In a replay of the Federal Bureau of Investigation's infamous COINTELPRO operations targeting the left during the 1960s and '70s, America's political police launched raids on the homes of antiwar and solidarity activists.
Heavily-armed SWAT teams smashed down doors and agents armed with search warrants carried out simultaneous raids in Minneapolis and Chicago early morning on September 24.
Rummaging through personal belongings, agents carted off boxes of files, documents, books, letters, photographs, computers and cell phones from Minneapolis antiwar activists Mick Kelly, Jessica Sundin, Meredith Aby, two others, as well as the office of that city's Anti-War Committee.
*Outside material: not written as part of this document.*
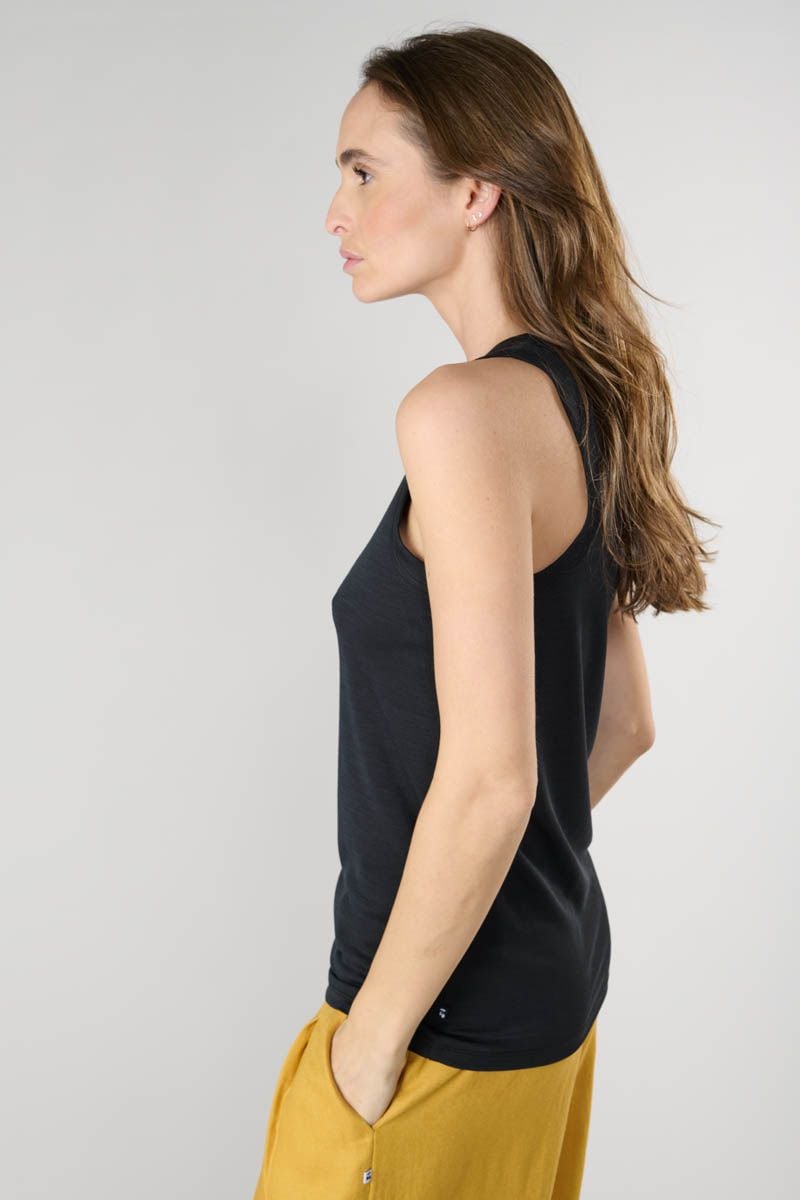 Le Temps Des Cerises Débardeur Posidon Noir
Meanwhile, as federal snoops seized personal property in Minneapolis, FBI agents raided the Chicago homes of activists Stephanie Weiner and Joseph Iosbaker. According to the Chicago Tribune, "neighbors saw FBI agents carrying boxes from the apartment of community activist Hatem Abudayyeh, executive director of the Arab American Action Network."
"In addition," the Tribune reported, "Chicago activist Thomas Burke said he was served a grand jury subpoena that requested records of any payments to Abudayyeh or his group."
Amongst those targeted by the FBI were individuals who organized peaceful protests against the imperialist invasion and occupation of Iraq and 2008 protests at the far-right Republican National Convention in St. Paul, Minnesota.
As Antifascist Calling reported in 2008 and 2009, citing documents published by the whistleblowing web site WikiLeaks, state and local police, the FBI and agencies such as the Department of Homeland Security, the Pentagon's Northern Command (NORTHCOM), the United States Secret Service, the National Security Agency and the National Geospatial-Intelligence Agency implemented an action plan designed to monitor and squelch dissent during the convention.
As part of that plan's execution, activists and journalists were preemptively arrested, and cameras, recording equipment, computers and reporters' confidential notes were seized. Demonstrations were broken up by riot cops who wielded batons, pepper spray and tasers and attacked peaceful protesters who had gathered to denounce the war criminals' conclave in St. Paul.
With Friday's raids, the federal government under "change" huckster Barack Obama, has taken their repressive program to a whole new level, threatening activists with the specter of being charged with providing "material support of terrorism." A felony conviction under this draconian federal law (Title 18, Part I, Chapter 113B, 2339B) carries a 15 year prison term.
State-Corporate Nexus
The trend by federal, state and corporate securocrats to situate antiwar and international solidarity activism along a bogus "terrorism continuum," is an alarming sign that plans for building an American police state are well underway as I pointed out in my 2008 analysis of the FBI's "Counterterrorism Analytical Lexicon."
Recently, the secrecy-spilling web site Public Intelligence posted 137 bulletins produced by the Institute of Terrorism Research and Response (ITRR), an American-Israeli company, under terms of a $125,000 contract to the Pennsylvania Office of Homeland Security.
Billing itself as "the preeminent Israeli/American security firm providing training, intelligence and education to clients across the globe," ITRR is part of a large, but little understood nexus of "public-private partnerships" fusing state and corporate surveillance against leftists and environmentalists.
Amongst the targets of ITRR's alarmist screeds were anti-drilling and environmental activists, permanent quarry for corporate spies and provocateurs, as the web site Green Is The New Red (GNR) amply documents.
Earlier this month, GNR reported that while ITRR and their political paymasters have been monitoring non-violent activists, "including a film screening of Gasland," Pennsylvania's heimat security boss James Powers wrote in an email that his office intended to "continue providing this support to the Marcellus Shale Formation natural gas stakeholders while not feeding those groups fomenting dissent against those same companies."
In the bizarre parallel universe inhabited by Powers and his Israeli cohorts, anti-drilling activists are "ecoterrorists," while the mass-murdering neo-Nazi mastermind of the 1995 Oklahoma City bombing that killed 168 people including 19 children, Timothy McVeigh, was "just a person very angry with the U.S. government."